Our own capex numbers are tabulated below for different systems, assuming that each one stores 4kWh of electricity per kW of rated storage capacity. This is not to say that all batteries must have 4-hours of storage, but just a simplification to enable apples-to-apples cost-benchmarking.
Energy storage and power ratings can be flexed somewhat independently. You could easily put a bigger battery into your lithium LFP system, meaning the costs per kWh would go down, while the costs per kW would go up; or you could connect your LFP battery to a bigger inverter and transformer, meaning costs per kW would go down, while costs per kWh would go up.
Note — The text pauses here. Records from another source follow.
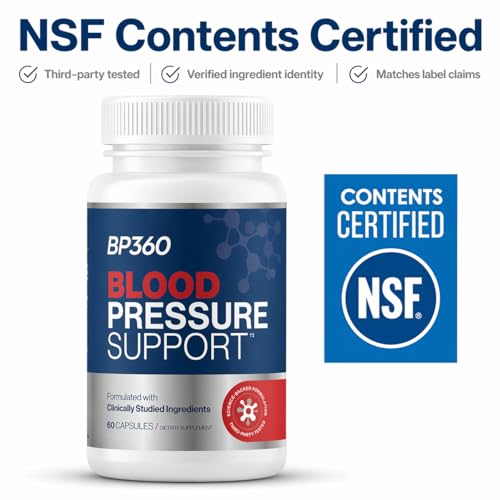 BP360 Blood Pressure Support Capsules
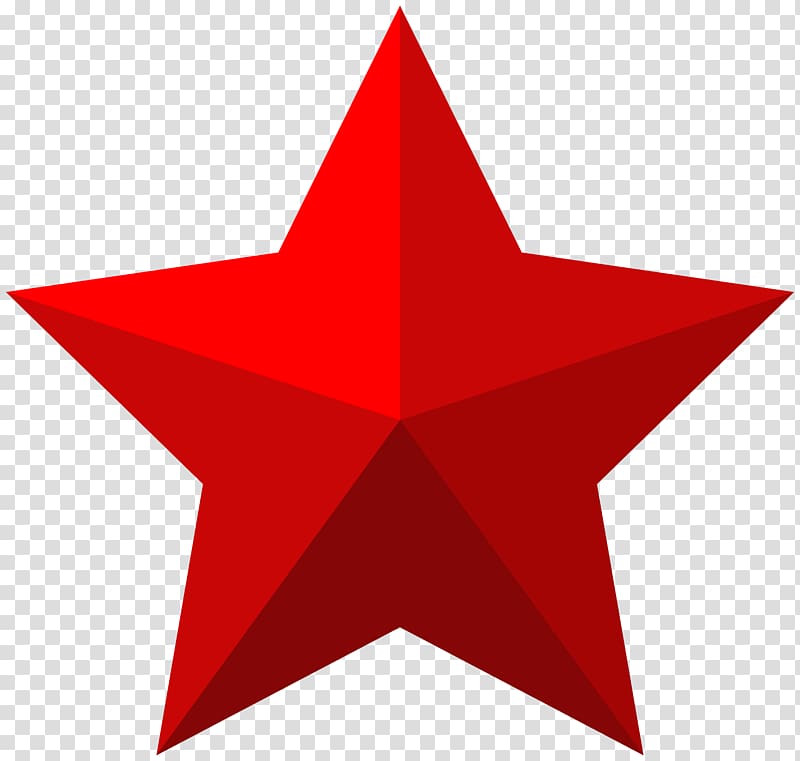 Star Shape Icon , Red Star , red star illustration.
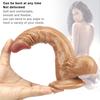 Brown Dildo Porn Oversized Sex Toy Artificial Female Dildo Masturbation G-spot Orgasm Simulated Sex Shop Adult Products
“Somewhat independently” and the 4-hour battery?
A limitation of lithium batteries is that the faster you charge them and discharge them, the faster they degrade. The reasoning is explained in the note below. But in short, when a battery is charged and discharged, lithium ions physically need to move through the cell, intercalating and de-intercalating from electrodes. The faster you push this process, the more side-reactions will occur.
For safe and long-lasting batteries, it is recommended not to exceed a 0.25 C-rate. This means that no more than 25% of the battery’s total electricity storage will be cycled per hour. Or in other words, the charge time of a lithium ion battery should not be less than 4-hours, and the total discharge time at full capacity should be 4-hours. Faster charging and discharging are possible, but they may invalidate the battery’s warranty.
Grid modelling: why we prefer kW and $/kW metrics?
When we start modelling the integration of renewables into power grids, we are looking at grid loads (in MW) supplied moment to moment by different power generation sources (in MW). If a cloud passes over a solar array, or if some large power plant trips out during a heatwave, then the grid is going to be short of MW. If the grid does not have capacity to rapidly add MW, then the grid is going to fall over. This is why we care predominantly about batteries producing MW.
Grid-scale batteries will tend to minimize duration?
Today, sizing batteries is mostly about ensuring resiliency of the grid. Hence companies developing wind and solar, or consumers using wind and solar, tend to focus on the MW capacity ratings of batteries. And longer duration lithium ion batteries become more expensive on a $/kW basis (as they need to contain more battery cells priced in $/kWh).
Costs per unit of energy storage do fall as battery duration increases. The reason is that you are adding more battery cells priced in flat $/kWh terms, while other $/kW cost lines are being amortized across more energy storage. But is this leaving money on the table, in a way that will tend to incentivize building out the power electronics too?
It is 7-8pm in California. Power prices are high. And you have stored 100kWh in your battery. You really want to fill the gap at 7-8pm. If you can discharge all 100kWh at 8pm, that is going to generate the best economic results. But if you have undersized the power-electronics, and can only discharge 10kWh at 8pm, then money has been left on the table.
The old adage in traded commodity markets, is that the majority of the profit potential comes in the volatility, not in the core day-to-day spread. It does not cost materially more (in $/kWh terms) to build out the power electronics and buy the capability to run batteries at a 0.25C charge/discharge rate. It also helps to ensure resiliency.
Overall we still think most grid-scale lithium batteries will aim at around 4-hours of duration. At longer duration, we prefer redox flow batteries among electrochemical solutions. Even better backups are thermal energy storage and demand shifting. While for economic reasons, we think clean natural gas turbines will ultimately end up being the most widely used backup for renewables’ volatility.